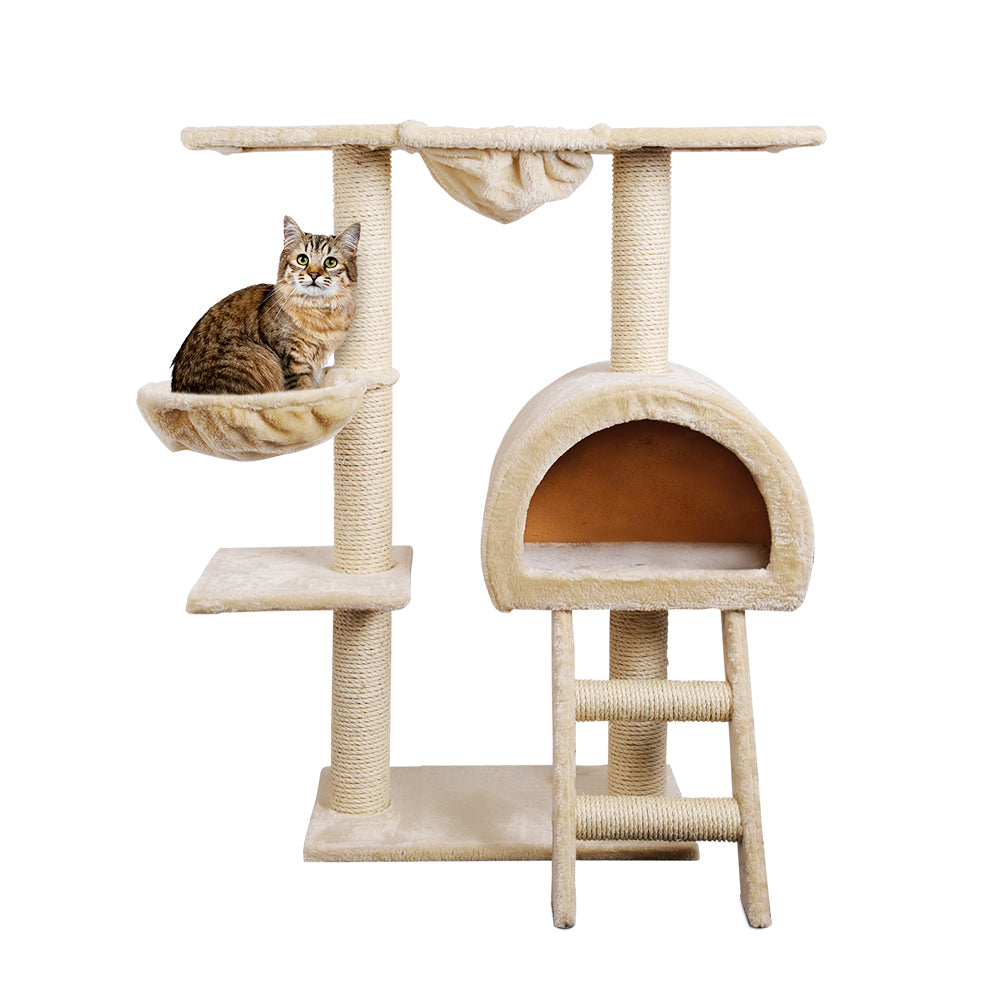 PET-CAT-HSCT003-BE-2224-00.jpg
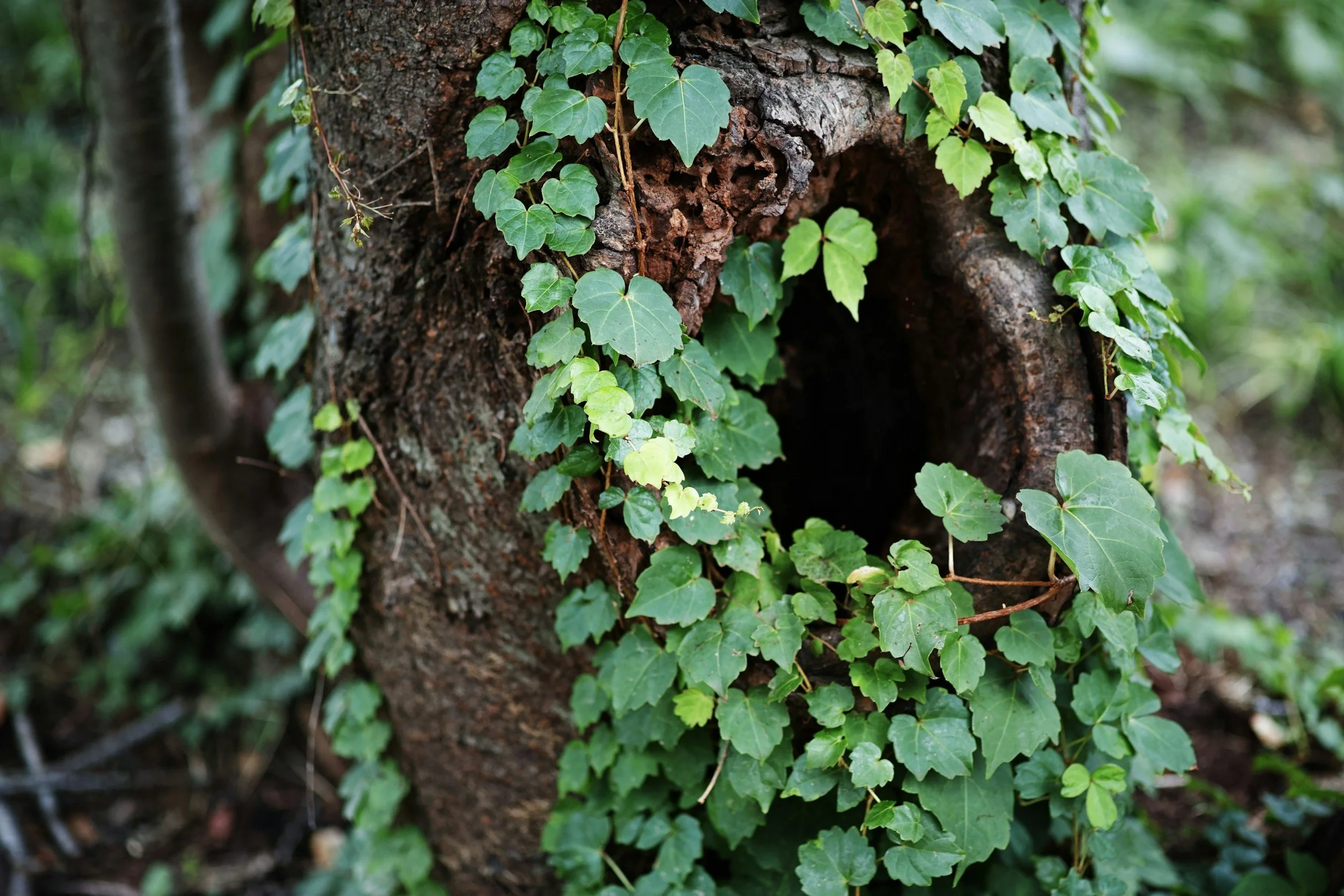 The Hollow Tree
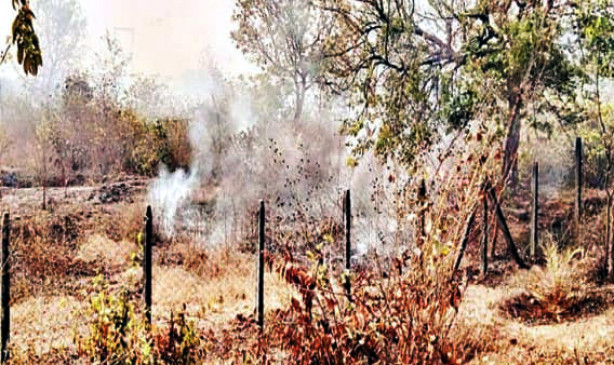 Desaiganj forest departments rope garden caught fire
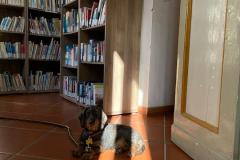 IMG-20250318-WA0016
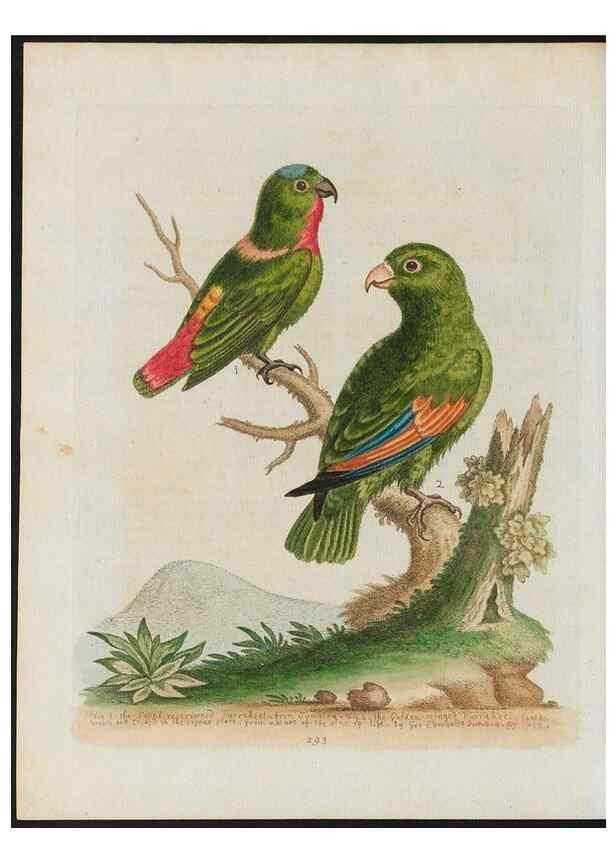 Reproducción/Reproduction 38707587341: Gleanings of natural history, exhibiting figures of quadrupeds, birds, insects, plants &c.... London :Printed for author at the Royal Collage of Physicians,1758-1764.. 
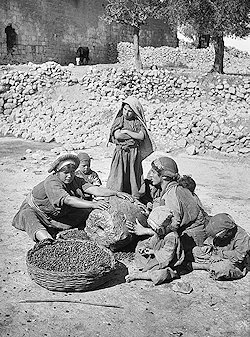 Zwart/wit foto - twee vrouwen rollen steen over olijven, drie kinderen kijken toe.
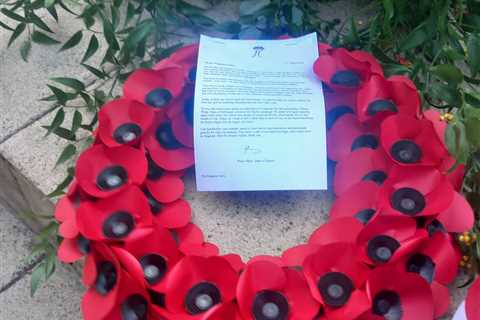 Prince Harry's VJ Day Tribute Sparks Debate Over Royal Protocol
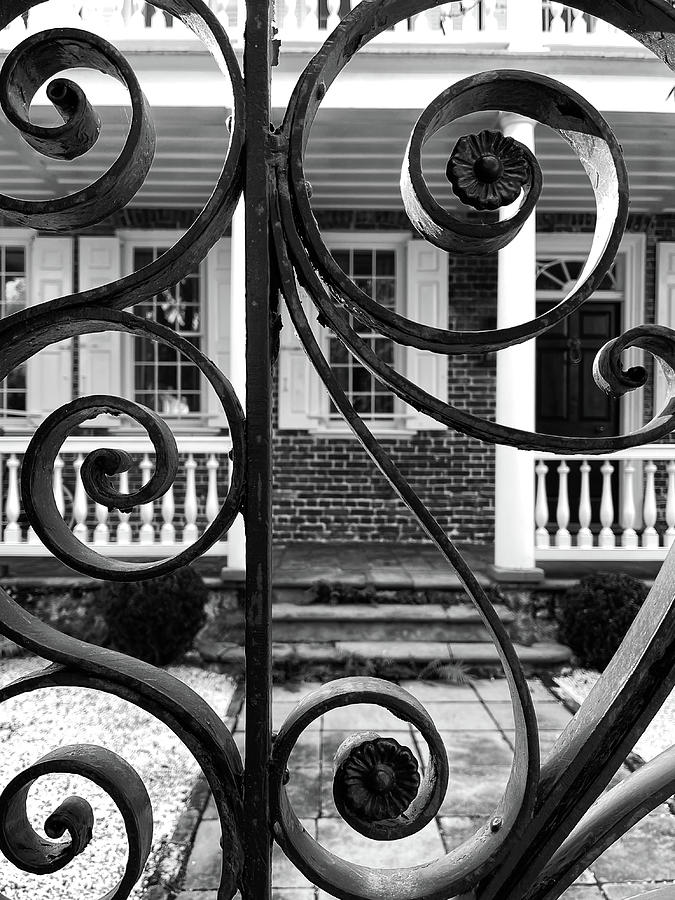 Charleston Wrought Iron Garden Gate in Detail, South Carolina #9 Photograph by Dawna Moore Photography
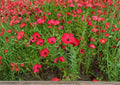 Scarlet Flax Seeds 200+ | Bright Red Wildflower Flower Seeds for Garden Planting | Ornamental Pollinator Friendly | Linum grandiflorum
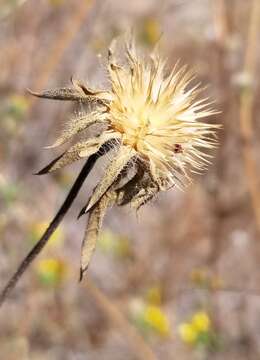 Image of Serpentine Sunflower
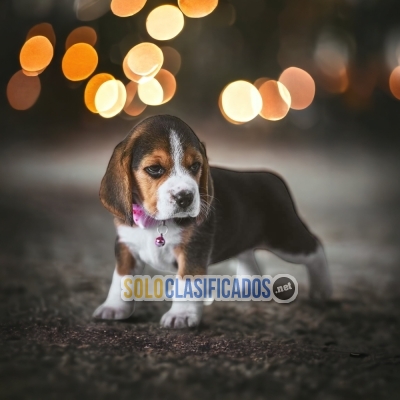 BEAGLE POKET AMERICANO PUPPIES... 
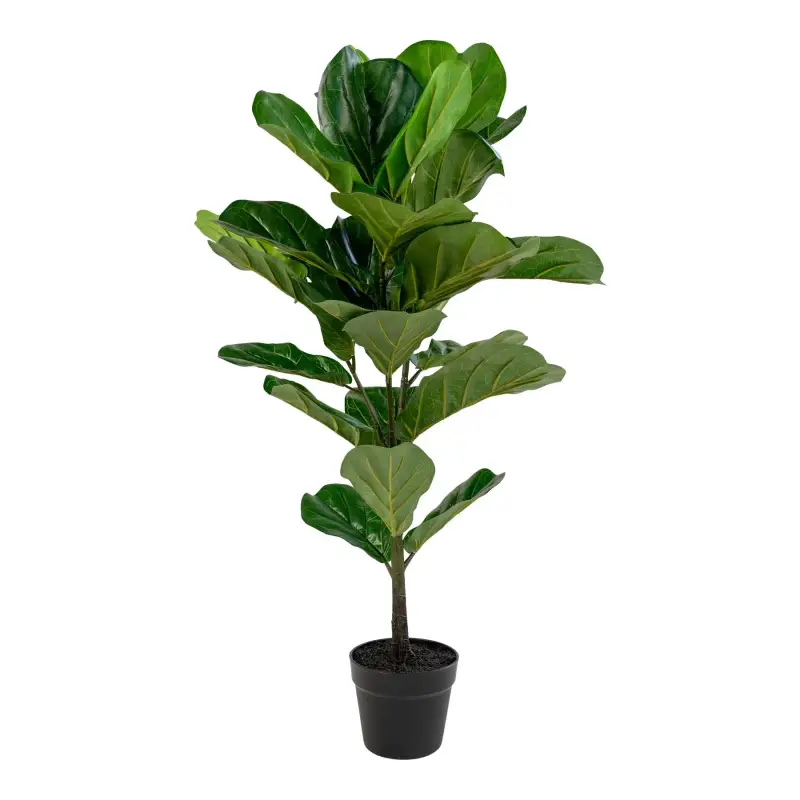 Pianta artificiale House Nordic Fiddle Leaf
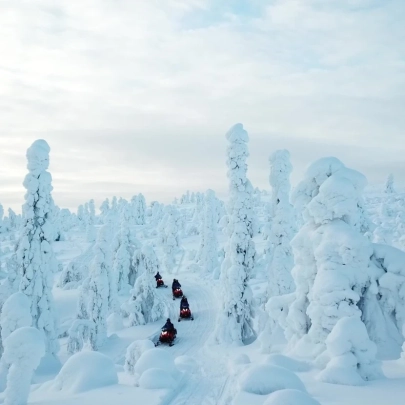 Expédition sauvage en motoneige à Ylläs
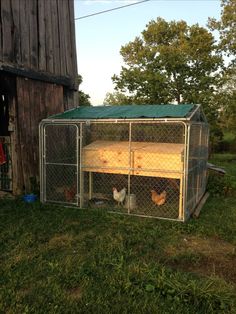 chickens are in their coop outside the barn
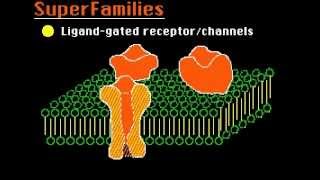 Ion Channels [upl. by Aved]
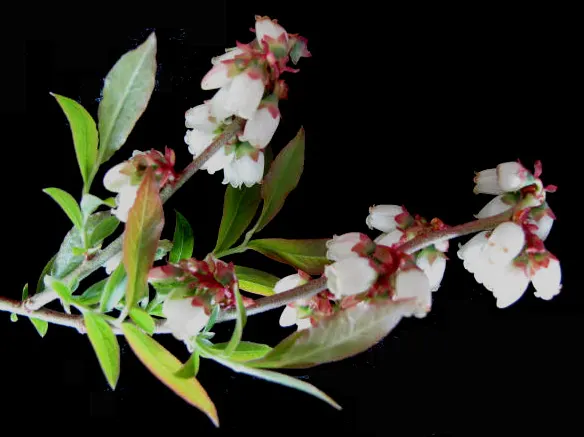 Lowbush Blueberry (Vaccinium Angustifolium) — creating a captivating display in any garden.<br><br>During the spring, image 44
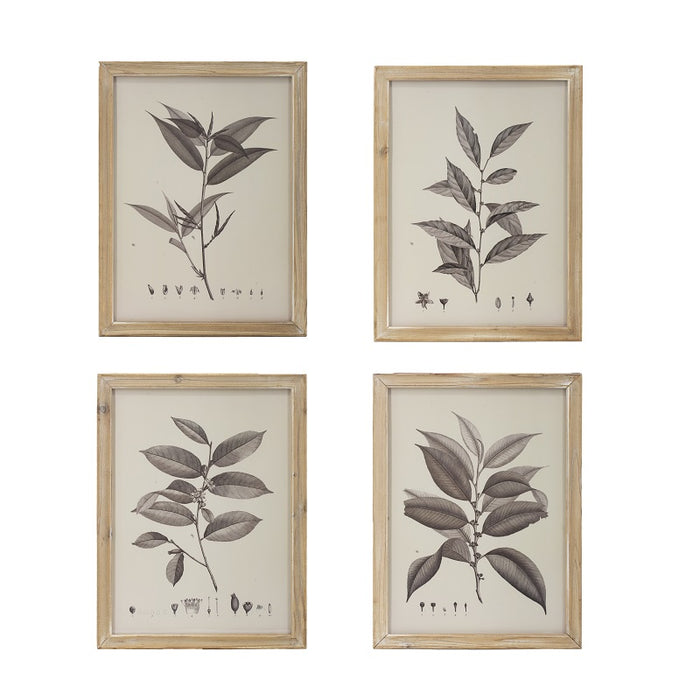 Botanical Wall D√©cor set of 4 Frames 40x53cm each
======
**DIRECTIONS FOR THIS TASK**
Reproduce the entries above word for word. Pictures stay out.

**ANSWER TO THE EXERCISE**
 PET-CAT-HSCT003-BE-2224-00.jpg
 The Hollow Tree
 Desaiganj forest departments rope garden caught fire
 IMG-20250318-WA0016
 Reproducción/Reproduction 38707587341: Gleanings of natural history, exhibiting figures of quadrupeds, birds, insects, plants &c.... London :Printed for author at the Royal Collage of Physicians,1758-1764.. 
 Zwart/wit foto - twee vrouwen rollen steen over olijven, drie kinderen kijken toe.
 Prince Harry's VJ Day Tribute Sparks Debate Over Royal Protocol
 Charleston Wrought Iron Garden Gate in Detail, South Carolina #9 Photograph by Dawna Moore Photography
 Scarlet Flax Seeds 200+ | Bright Red Wildflower Flower Seeds for Garden Planting | Ornamental Pollinator Friendly | Linum grandiflorum
 Image of Serpentine Sunflower
 BEAGLE POKET AMERICANO PUPPIES... 
 Pianta artificiale House Nordic Fiddle Leaf
 Expédition sauvage en motoneige à Ylläs
 chickens are in their coop outside the barn
 Ion Channels [upl. by Aved]
 Lowbush Blueberry (Vaccinium Angustifolium) — creating a captivating display in any garden.<br><br>During the spring, image 44
 Botanical Wall D√©cor set of 4 Frames 40x53cm each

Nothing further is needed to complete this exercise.